Im Mittelpunkt dieser Modularbeit mit dem Titel "Die Organspende - Rechtliche Aspekte aus der Sichtweise der angewandten Ethik" steht die Frage in welchem Umfang die Organspende eine Handlung der "christlichen Wohltätigkeit" darstellt und welche rechtlichen Möglichkeiten es für die Organspende gibt? Des Weiteren wird der Frage nachgegangen, welche ethischen und moralischen Richtlinien es für die Organspende in anderen europäischen Staaten gibt? Weiterhin werden in der Modularbeit Vorschläge erarbeitet, wie die Anzahl der Organspender erhöht werden kann? Abschließend erfolgt eine ethische und rechtliche Abschlussdiskussion.
Wie bereits angedeutet, steigt durch die spezialisierte und verbesserte Medizin auf der einen Hand die Lebensdauer der Menschen an, auf der anderen Seite aber auch die Zahl der Menschen, die auf ein fremdes Organ angewiesen sind. Zur gleichen Zeit sinkt aufgrund der sinkenden Geburtenrate die Zahl der möglichen Organspender. In den aktuellen politischen Diskussionen geht man der Frage nach, wie sich die Zahl der freiwilligen Organspender erhöhen ließe. Die Idee war, dass jeder Mensch eine Spendebereitschaft ablehnen oder zustimmen muss. Allerdings sank nach den unzähligen Organspendeskandalen die Bereitschaft der Menschen ihre Organe zur Spende freizugeben.[3]
Das Hauptkapitel dieser Arbeit geht der Frage nach, in welchem Umfang die Verstorbenen für die Lebenden im Hinblick auf die Organspende in Anspruch oder eventuell in die Pflicht genommen werden dürfen. Um eine detaillierte Antwort auf die einhergehende Frage zu erhalten, wird zuerst das Gewicht zwischen Ethik und Recht in Deutschland herausgearbeitet. Danach werden die verschiedenen ethischen und rechtlichen Möglichkeiten für eine Organentnahme erfragt und mit anderen Lösungsansätzen in Europa verglichen. Abschließend wird versucht durch eine Diskussion eventuelle Maßnahmen vorgeschlagen, um die Organspendebereitschaft zu erhöhen. Anknüpfend liegt die Untersuchung auf der Position der Kirchen. Mit dieser Erläuterung lässt sich die Frage nach den rechtlichen und ethischen Grundsätzen der Organspende bei Toten beantworten.

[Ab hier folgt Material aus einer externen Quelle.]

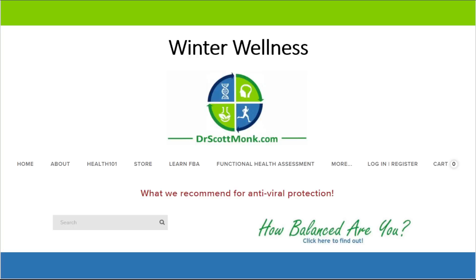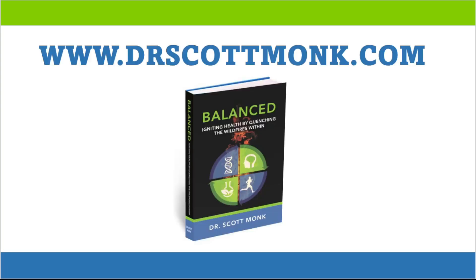To find out exactly which supplements we recommend to our patients that we've found most effective, you can go to the home page of my website drscottmonk.com, where it says what we recommend for antiviral protection. When you click on that it'll take you to our winter wellness support pack page, which lists different scenarios and situations you might be in and which combination of supplements might be beneficial for you. I hope this brief summary of the immune system and its teeter-totters was helpful. For more information visit drscottmonk.com. We'll see you soon.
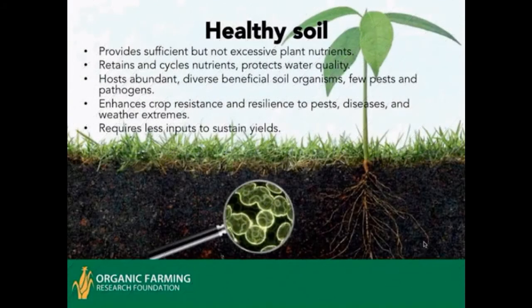Healthy soil is that which provides sufficient but not excessive plant nutrients, retains and cycles nutrients, protects water quality, hosts abundant and diverse beneficial soil organisms, has few pests and pathogens, enhances crop resistance and resilience to pests, disease, and weather extremes, and requires less input to sustain yields.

2. Erfordernis des Transplantationsgesetzes
In diesem Kapitel sollen die Begriffe Ethik und Recht ausdiskutiert werden. Auf dem ersten Blick sind diese beiden Begriffe sehr gegensätzlich, allerdings sind diese doch sehr eng verbunden und bedingen sich gegenseitig. Recht fordert in vielfältiger Art und Weise die Konkretisierung durch die ethischen Grundsätze. Ethik wäre zugleich unvorstellbar, wenn diese ohne rechtliche Grundlagen fungiert. Das deutsche Recht benutzt in diesem Bereich auch Rechtsbegriffe, wie beispielsweise "gute Sitten" oder "Treu und Glauben" und vertraut auf die Ethik, welche diese definieren soll.[4]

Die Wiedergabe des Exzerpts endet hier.